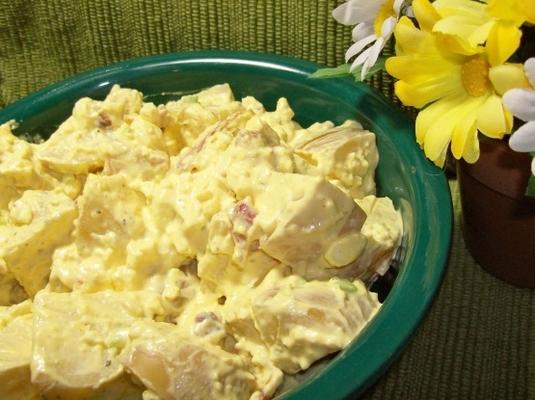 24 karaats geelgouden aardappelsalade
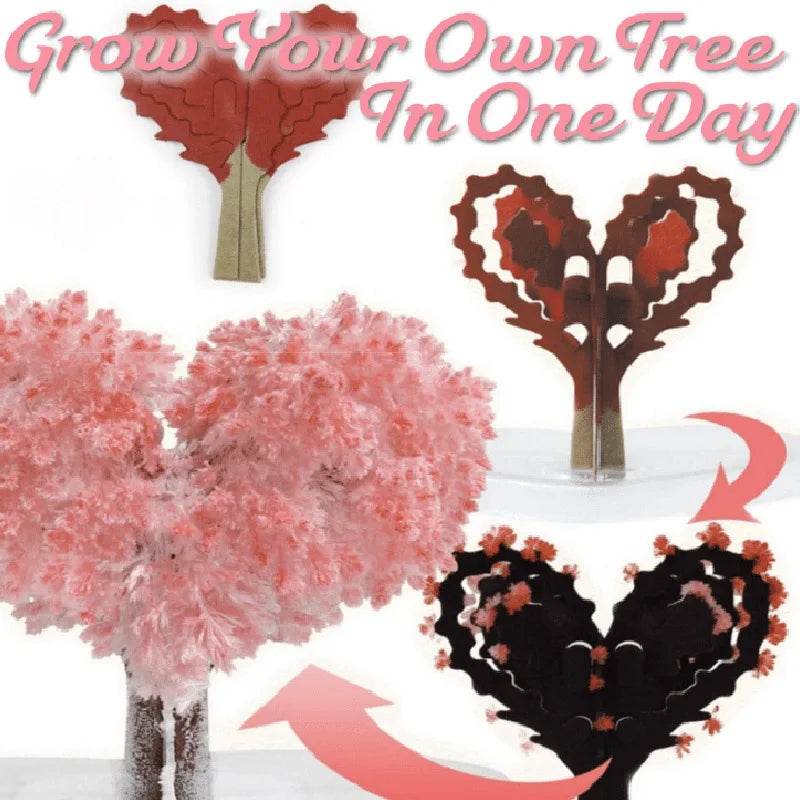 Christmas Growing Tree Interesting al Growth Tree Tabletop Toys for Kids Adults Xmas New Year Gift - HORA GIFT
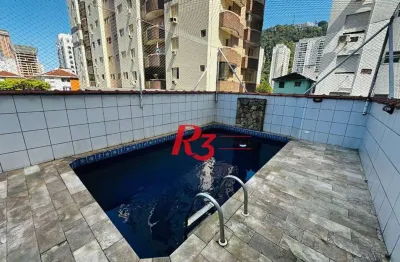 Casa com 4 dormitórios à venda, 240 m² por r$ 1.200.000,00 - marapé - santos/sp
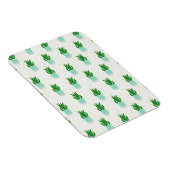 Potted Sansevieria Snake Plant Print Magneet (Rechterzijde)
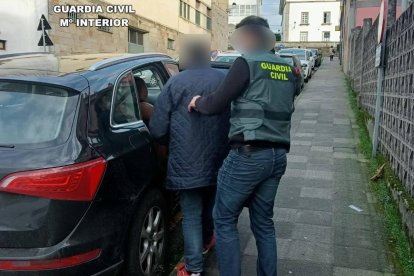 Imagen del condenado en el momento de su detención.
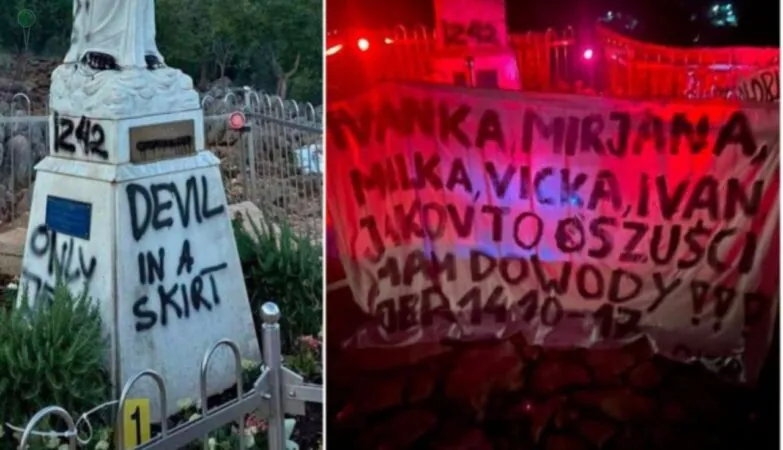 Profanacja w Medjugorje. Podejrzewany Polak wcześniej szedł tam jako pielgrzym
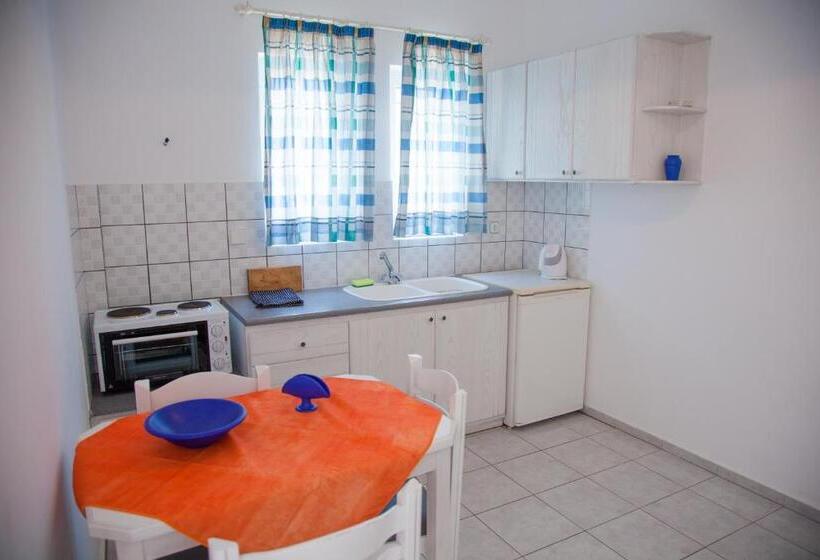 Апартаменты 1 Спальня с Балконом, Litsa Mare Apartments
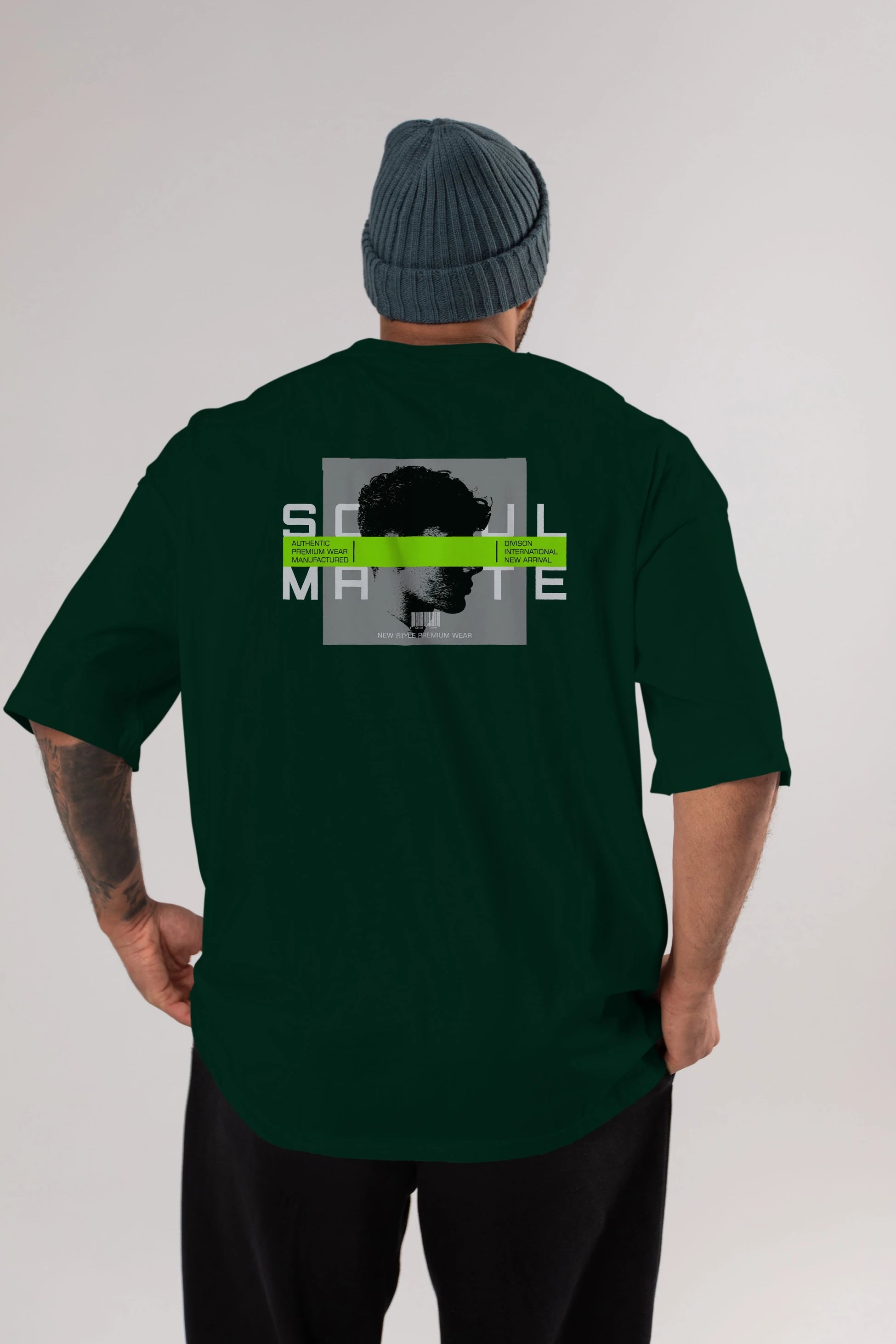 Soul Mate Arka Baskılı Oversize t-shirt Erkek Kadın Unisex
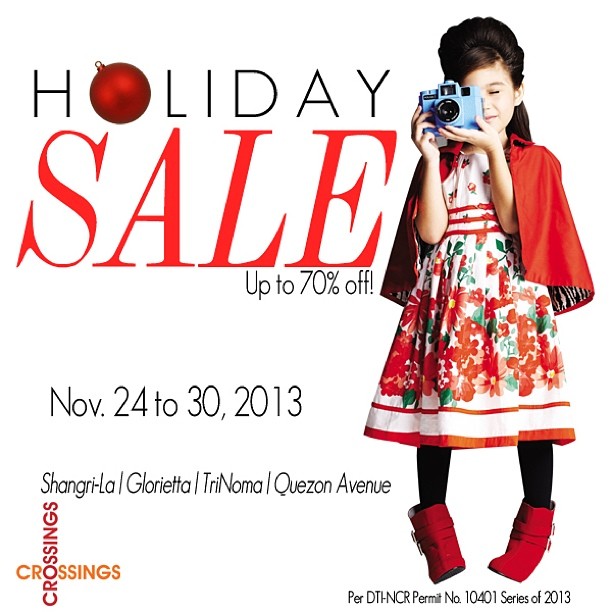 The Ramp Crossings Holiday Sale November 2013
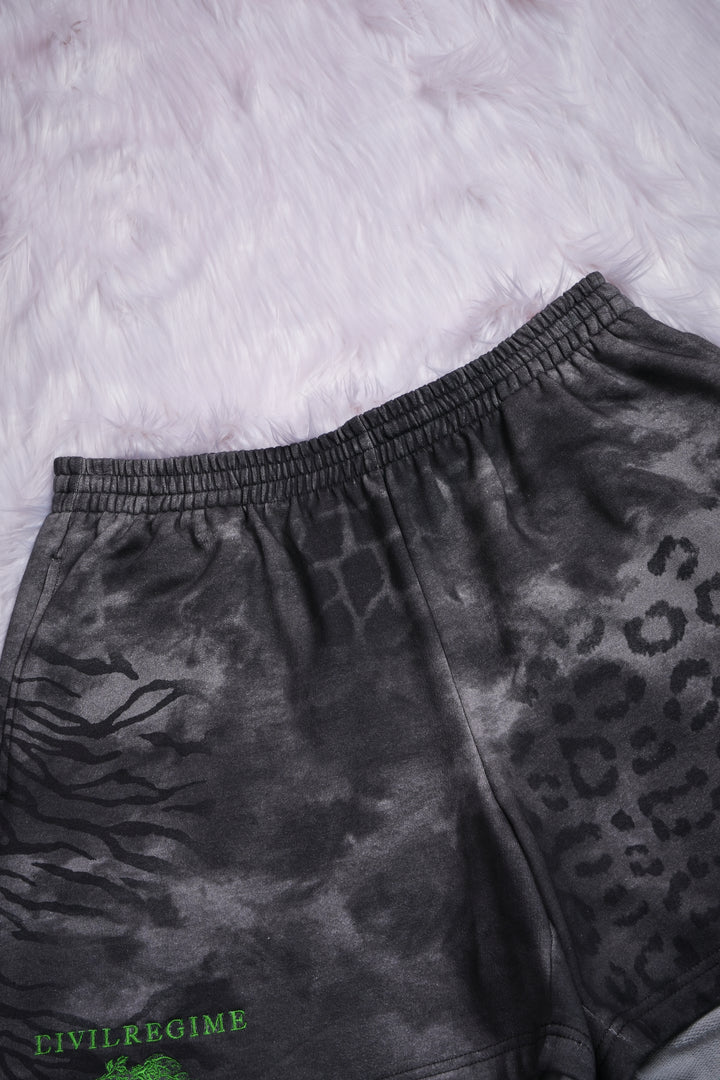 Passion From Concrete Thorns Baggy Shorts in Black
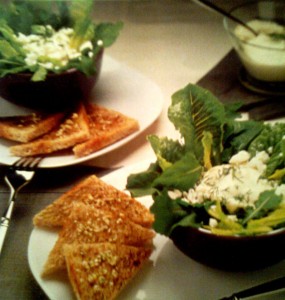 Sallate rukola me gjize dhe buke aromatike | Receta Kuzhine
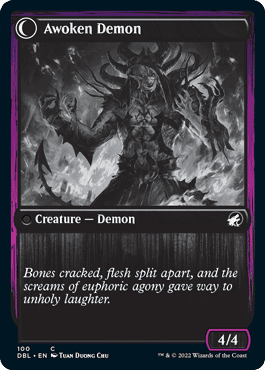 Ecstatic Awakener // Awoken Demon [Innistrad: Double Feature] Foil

──────

Leave the images out and transcribe the remaining data above word for word.

 24 karaats geelgouden aardappelsalade
 Christmas Growing Tree Interesting al Growth Tree Tabletop Toys for Kids Adults Xmas New Year Gift - HORA GIFT
 Casa com 4 dormitórios à venda, 240 m² por r$ 1.200.000,00 - marapé - santos/sp
 Potted Sansevieria Snake Plant Print Magneet (Rechterzijde)
 Imagen del condenado en el momento de su detención.
 Profanacja w Medjugorje. Podejrzewany Polak wcześniej szedł tam jako pielgrzym
 Апартаменты 1 Спальня с Балконом, Litsa Mare Apartments
 Soul Mate Arka Baskılı Oversize t-shirt Erkek Kadın Unisex
 The Ramp Crossings Holiday Sale November 2013
 Passion From Concrete Thorns Baggy Shorts in Black
 Sallate rukola me gjize dhe buke aromatike | Receta Kuzhine
 Ecstatic Awakener // Awoken Demon [Innistrad: Double Feature] Foil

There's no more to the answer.